## [Recorded information]
◇ ◇ ◇ ◇

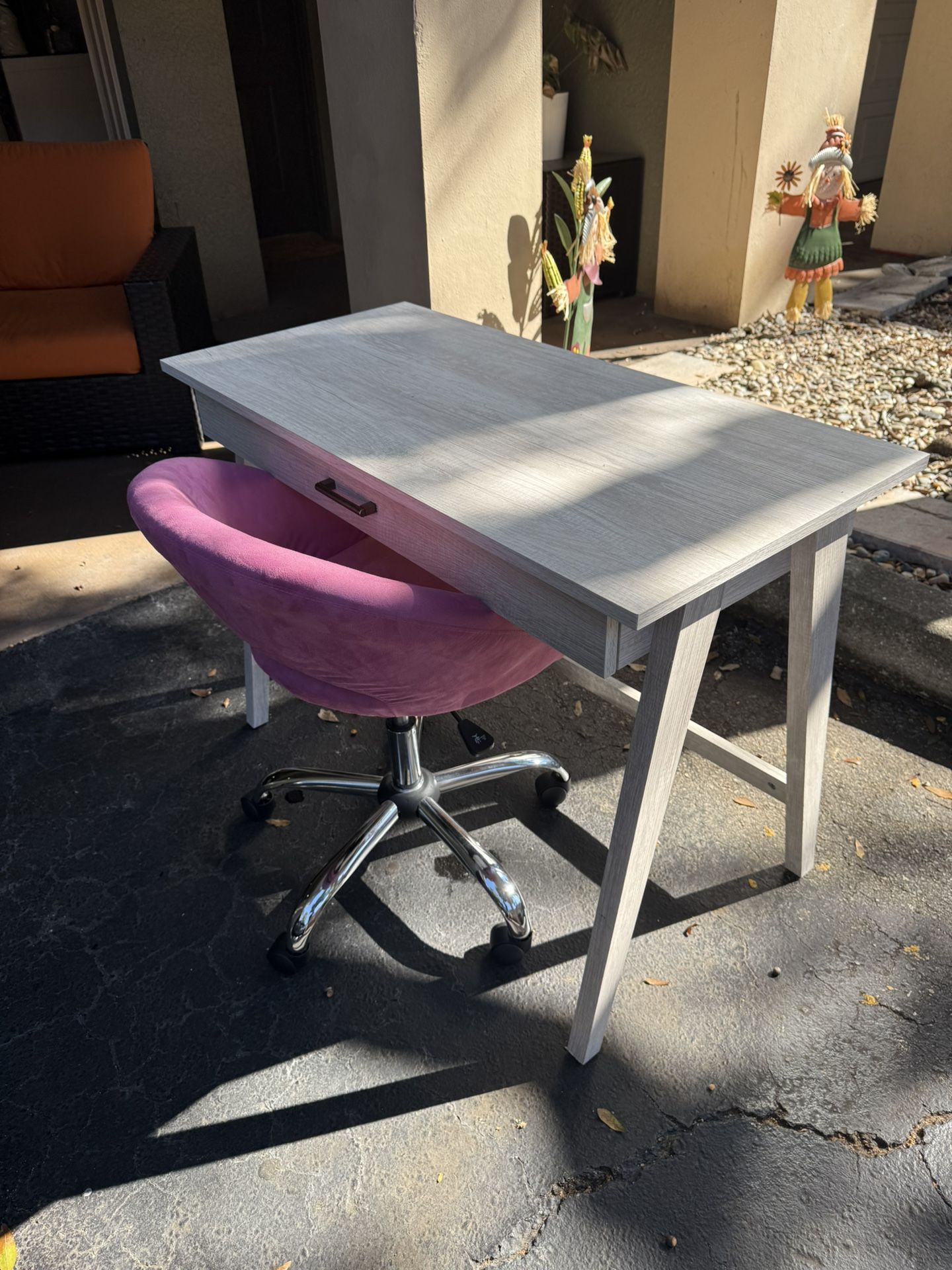 Girls Desk And Pink Rolling Chair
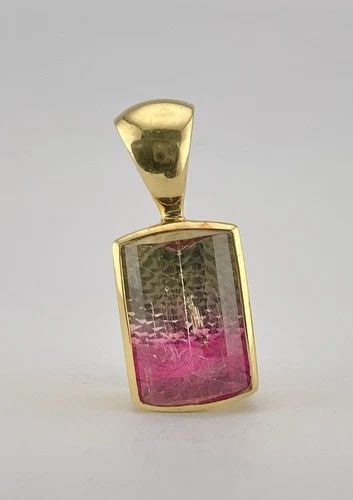 DESIGNER 18K YELLOW GOLD WATERMELON BI-COLOR TOURMALINE PENDANT: DESIGNER 18K YELLOW GOLD WATERMELON BI-COLOR TOURMALINE PENDANT Designer 18k Yellow Gold Watermelon Bi-color Tourmaline Pendant Size: 1 1/8" Tall With Bail By 3/8" (10.5mm) Wide At The Base Metal: 18k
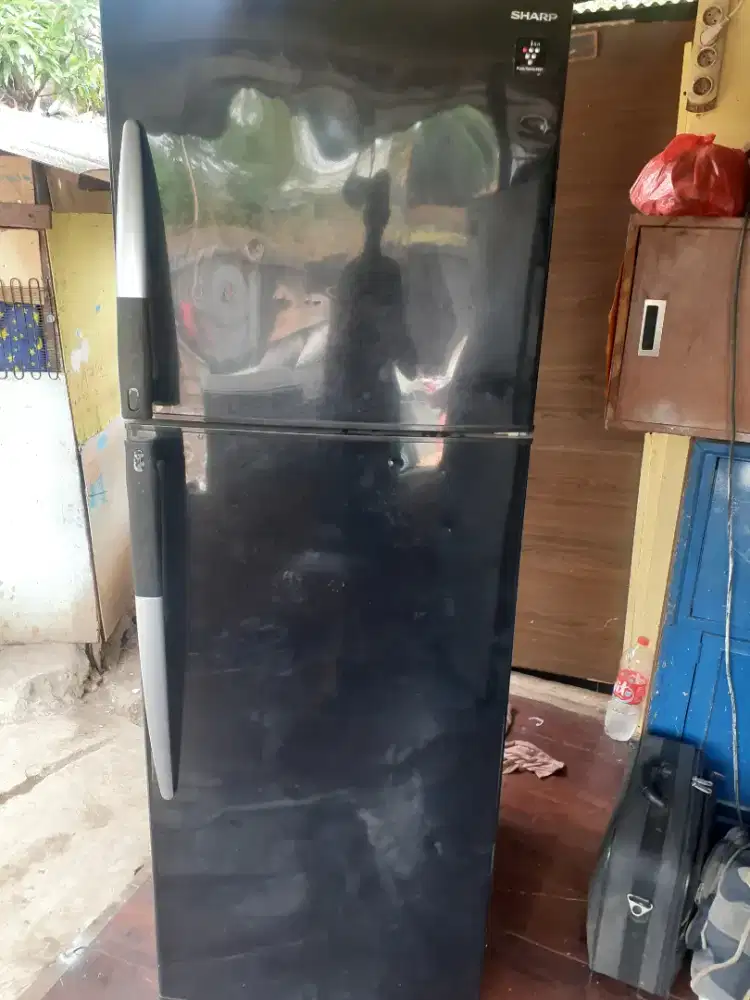 Jual klkas sharp jumbo normal mulus garansi di anter.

◇ ◇ ◇ ◇

## [Problem to solve]
Retype all the data exactly; skip the pictures.

## [Solution for this task]
 Girls Desk And Pink Rolling Chair
 DESIGNER 18K YELLOW GOLD WATERMELON BI-COLOR TOURMALINE PENDANT: DESIGNER 18K YELLOW GOLD WATERMELON BI-COLOR TOURMALINE PENDANT Designer 18k Yellow Gold Watermelon Bi-color Tourmaline Pendant Size: 1 1/8" Tall With Bail By 3/8" (10.5mm) Wide At The Base Metal: 18k
 Jual klkas sharp jumbo normal mulus garansi di anter.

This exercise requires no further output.